** Available data **
==================================================

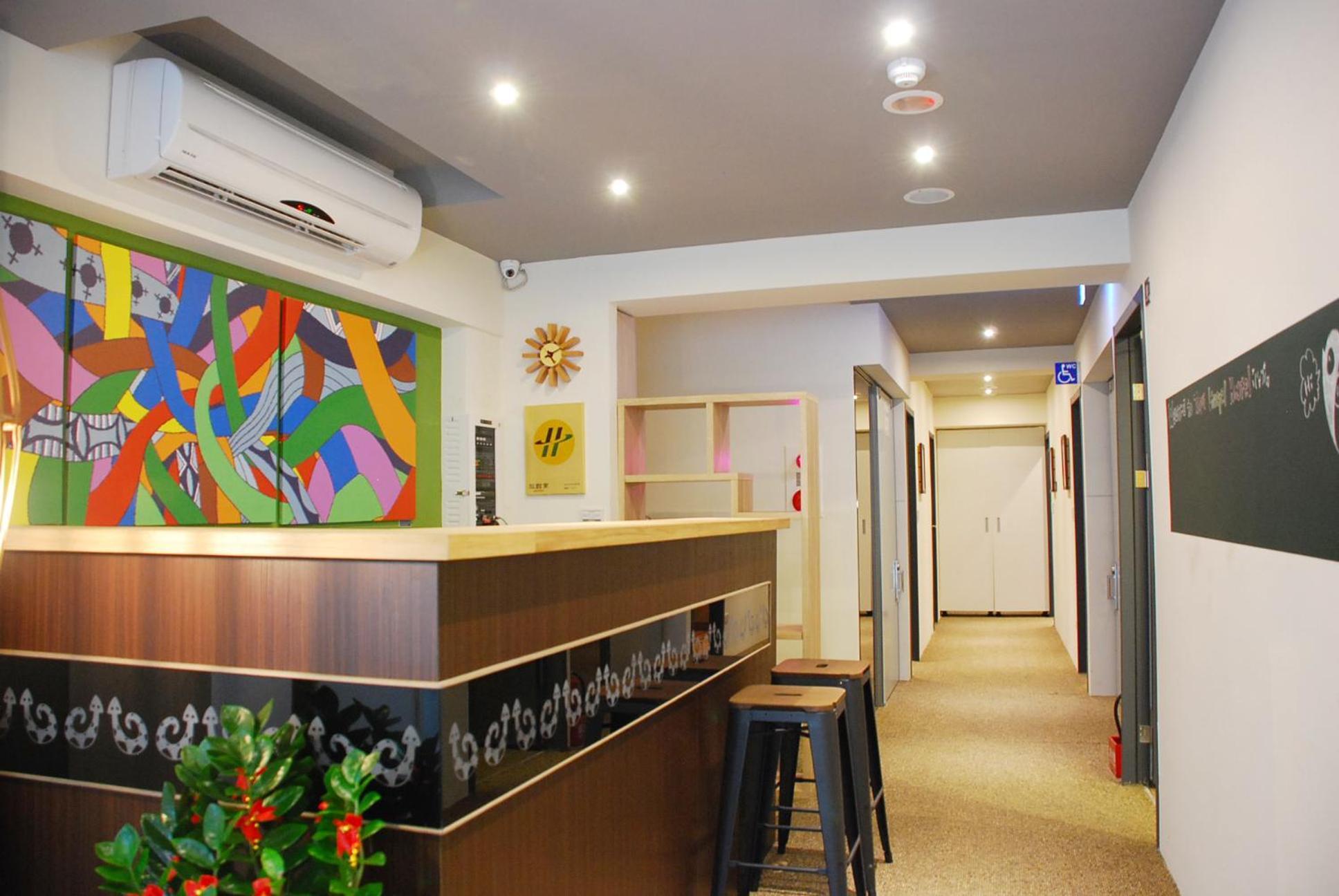 Taipei Livepal Hostel מראה חיצוני תמונה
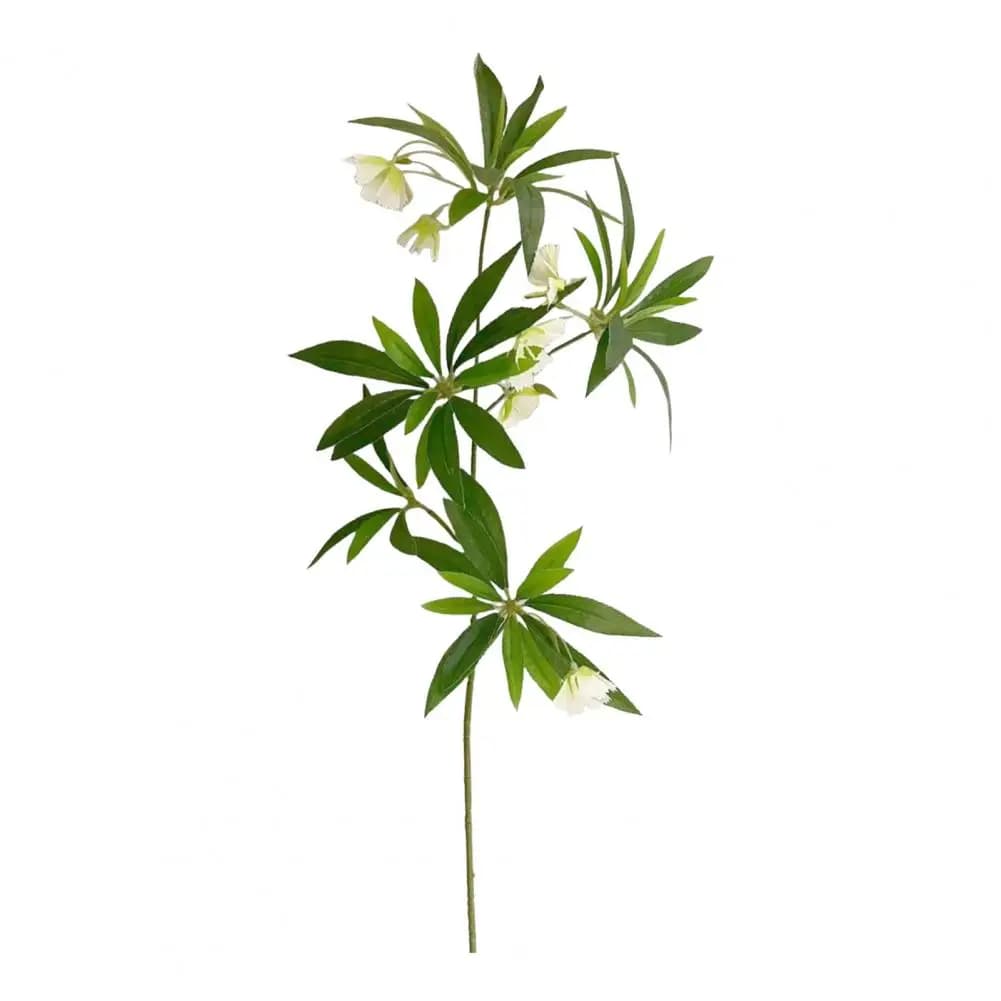 Uv Resistant Artificial Plant Artificial Fig Tree Branches with Realistic Leaves Flexible Bendable Stems for Indoor Outdoor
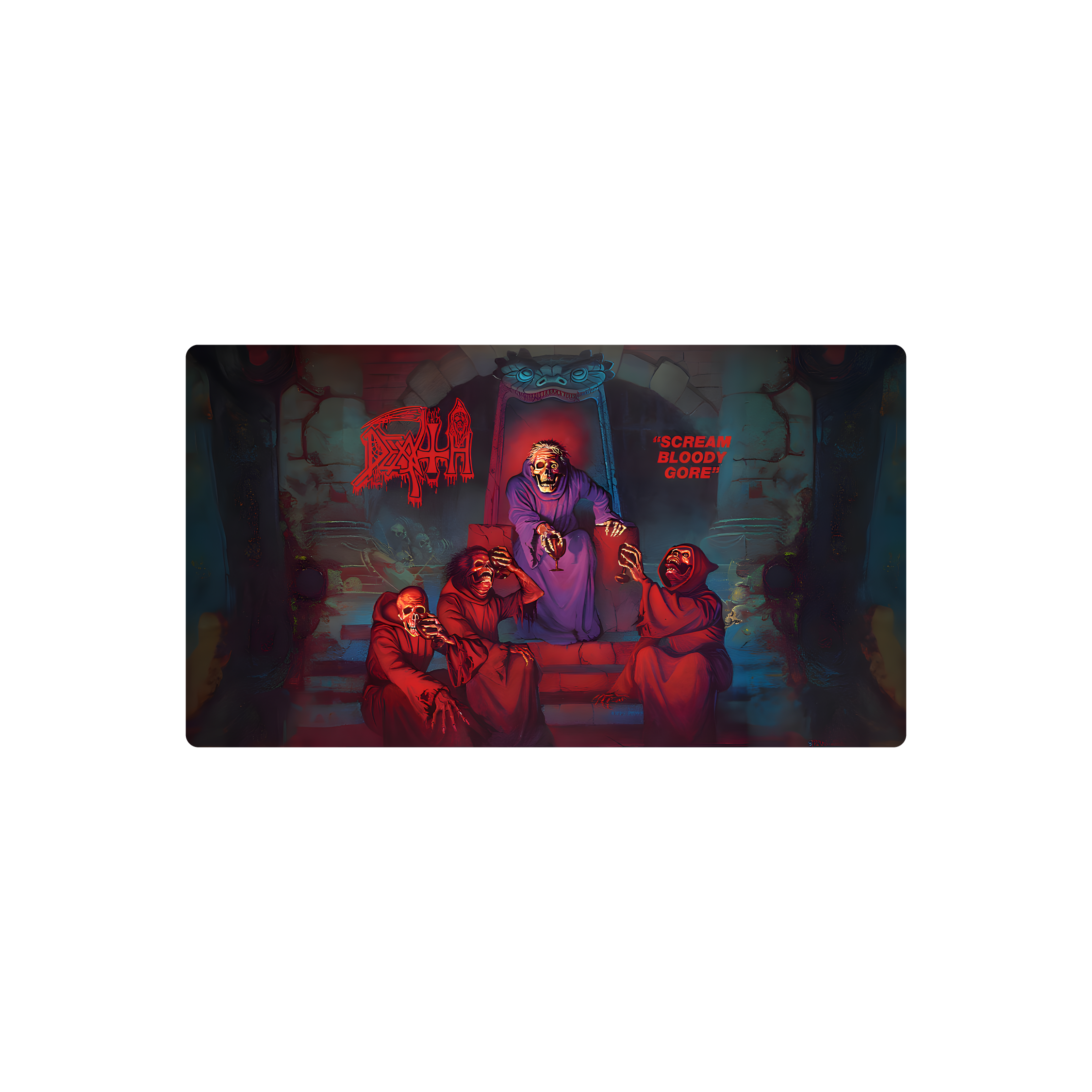 Mousepad death sbg 90x50 Classic | PERSONALIZADO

==================================================

Take the line containing "Uv Resistant Artificial" and all lines after it to the end of the data above, and reproduce them exactly, leaving out pictures. Nothing else belongs in the copy.

** Result of the task **
 Uv Resistant Artificial Plant Artificial Fig Tree Branches with Realistic Leaves Flexible Bendable Stems for Indoor Outdoor
 Mousepad death sbg 90x50 Classic | PERSONALIZADO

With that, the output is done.